物語は、そこからさらに二十年の月日が経ったところから始まる。
とあるふたりの少年達、彼らが迷宮に脚を踏み入れた一歩。それが、後に世界を変える一歩へ至った。
迷宮第一層。
美しい木々と水辺に彩られる神秘の森。風が枝葉を揺らす音、穏やかな木漏れ日、それらはおよそ迷宮だとは思えない優しさだ。
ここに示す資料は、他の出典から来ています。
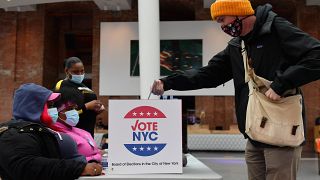 A voter drops off his early voting ballot for the 2020 Presidential election at the Brooklyn Museum in New York City on October 30, 2020.
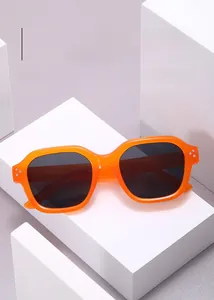 Detailed view of translucent orange square sunglasses with silver rivet accents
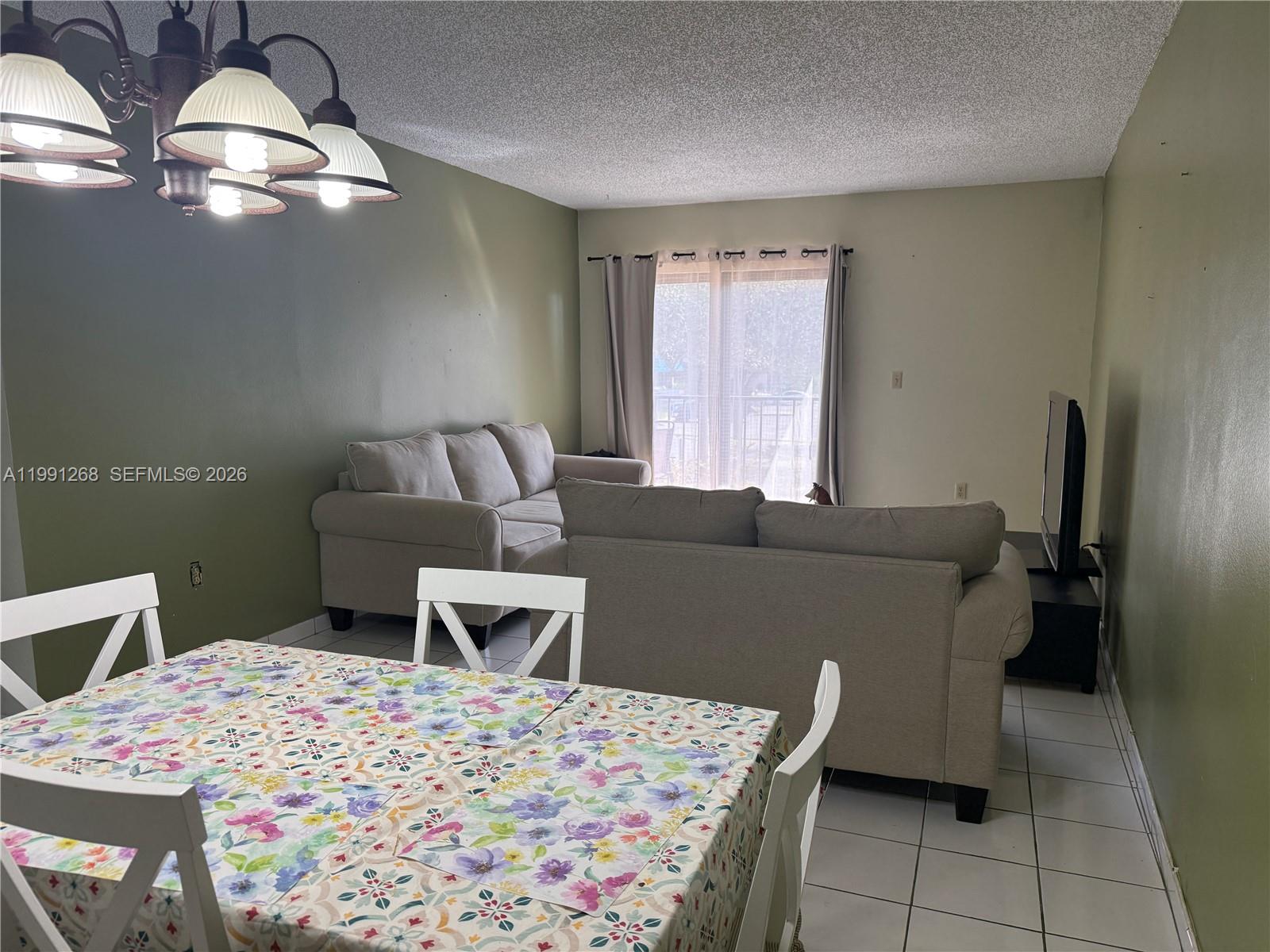 A dining area with a floral tablecloth sits adjacent to a living room with sofas — 1800 W 54th St # 108, Hialeah FL 33012, HIALEAH, FL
そんな穏やかな森に、遠くから異音が響く。ばきばきと枝の折れる音、小さな獣が逃げる音。
「────! ──────!! 」
「──、──────!」
そして、聞こえてくる悲鳴のような叫び声。その声と音は段々と近づいて──
「この馬鹿ッ! 馬鹿野郎ッ!! こんな迷宮で人助けだなんて馬鹿な真似する奴があるか!!」
「人助けを悪く言うんじゃねぇ!! イイコトだろうが!」
「自分の身も守れないのに首を突っ込むな!!
ああもう! だからお前と旅に出るなんて嫌だったんだ──!!」
「うるっせえ口動かす前に逃げねえとだろ!
でないと……!」
枝葉をへし折り飛び出してきたのは二人の人影。
先に言葉を発したのは、黒髪に赤い目をした不健康そうな少年。後から口を開いたのは、少女のような麗しい顔立ちをした、白髪に青い瞳の少年。
白髪の少年は走りながらも背後を振り返る。ざわざわと動く木々、青ざめた顔でそれを見た。
「俺達初日に死んじまうぞ────ッ!!」
木々をへし折り轟音をあげ、叫び声と共に現れたのは、赤い毛皮を持つ巨大な熊のような獣。怒り狂った声、爛々と光る瞳。その目は二人の少年をまっすぐに捉えていた。
「なんでこんなことになったんだぁ────!!」
白髪の少年の叫びが、あたり一面にこだまする。振り上げられた獣の爪が、二人に向かって振り下ろされる。激しい衝撃と轟音、言葉にならない大きな悲鳴が、迷宮の木々を震わせた。